What needs to be done: Exclude the pictures, then repeat the remaining data exactly.

Caption-style text data:
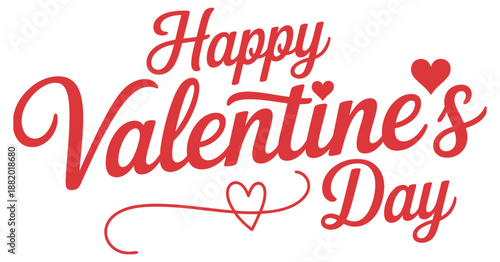 Happy Valentines Day banner lettering design, romantic greeting card template, red hearts with lines, vector illustration for valentine cards branding digital use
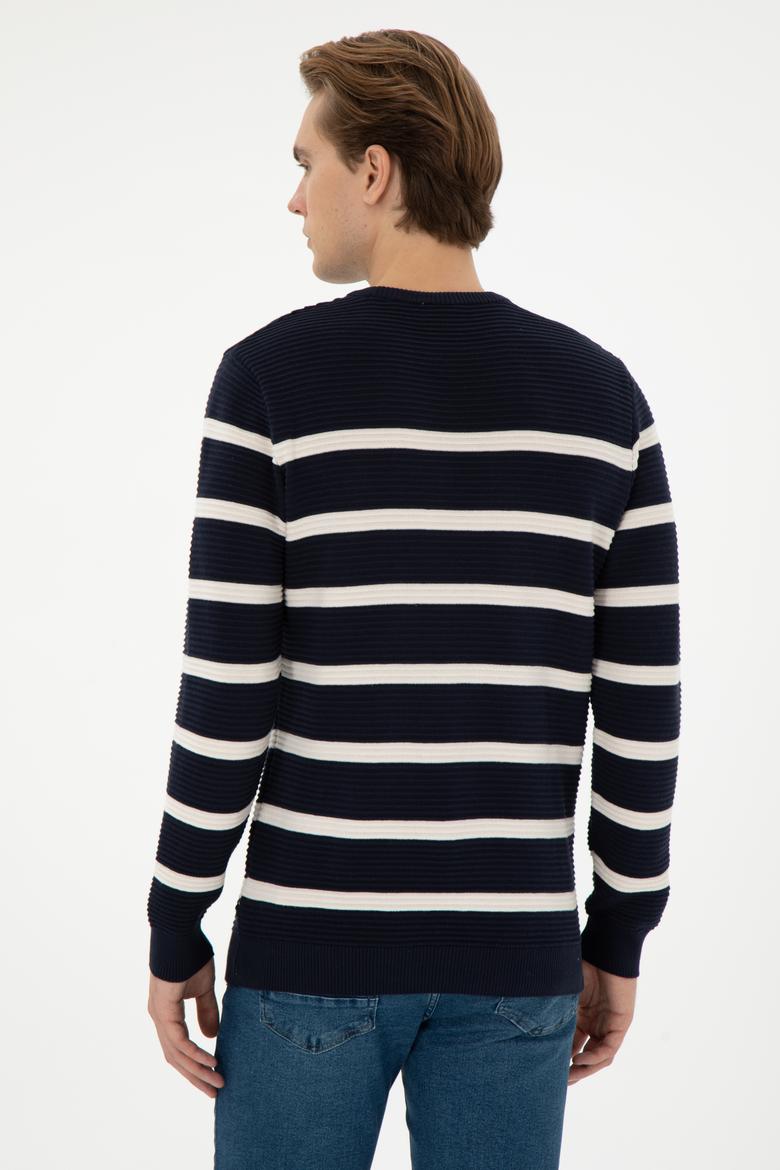 Erkek Slim Fit Bisiklet Yaka Lacivert Kazak - 50292850019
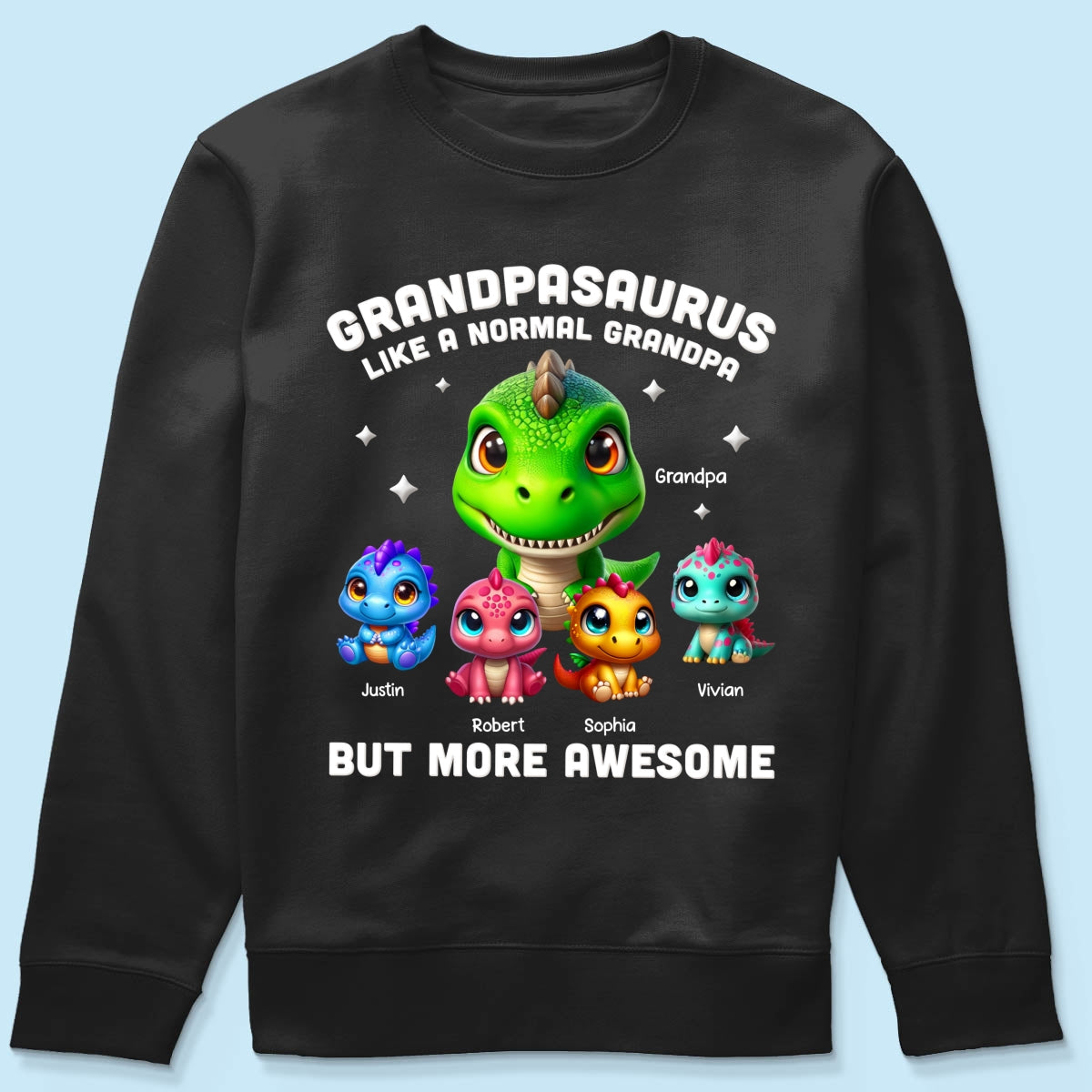 Daddysaurus Grandpasaurus 3D Dinosaurs Personalized Shirt, Father's Day Gift For Dad, For Grandpa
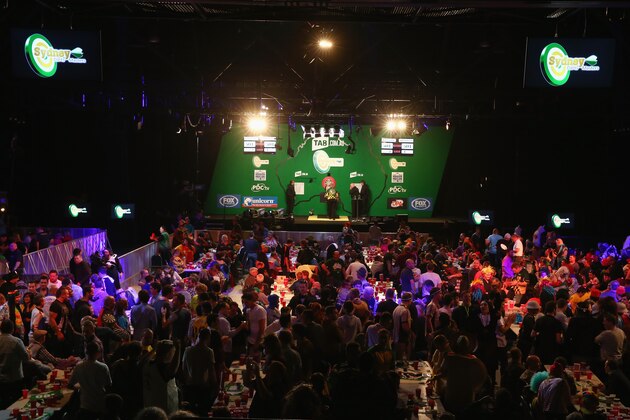SYDNEY, AUSTRALIA - AUGUST 29:  A general view is seen during the quarter-final match between Kyle Anderson of Australia and Simon Whitlock of Australia during the Sydney Darts Masters at Hordern Pavilion on August 29, 2014 in Sydney, Australia.  (Photo by Mark Kolbe/Getty Images)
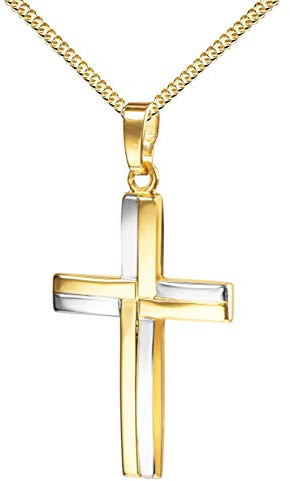 JEVELION 750 Gold Kreuz-Anhänger für Damen, Herren und Kinder als Ketten-Anhänger 750 Gold 18 Karat bicolor und Schmuck-Etui mit Kette 40 cm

Response area:
 Happy Valentines Day banner lettering design, romantic greeting card template, red hearts with lines, vector illustration for valentine cards branding digital use
 Erkek Slim Fit Bisiklet Yaka Lacivert Kazak - 50292850019
 Daddysaurus Grandpasaurus 3D Dinosaurs Personalized Shirt, Father's Day Gift For Dad, For Grandpa
SYDNEY, AUSTRALIA - AUGUST 29:  A general view is seen during the quarter-final match between Kyle Anderson of Australia and Simon Whitlock of Australia during the Sydney Darts Masters at Hordern Pavilion on August 29, 2014 in Sydney, Australia.  (Photo by Mark Kolbe/Getty Images)
 JEVELION 750 Gold Kreuz-Anhänger für Damen, Herren und Kinder als Ketten-Anhänger 750 Gold 18 Karat bicolor und Schmuck-Etui mit Kette 40 cm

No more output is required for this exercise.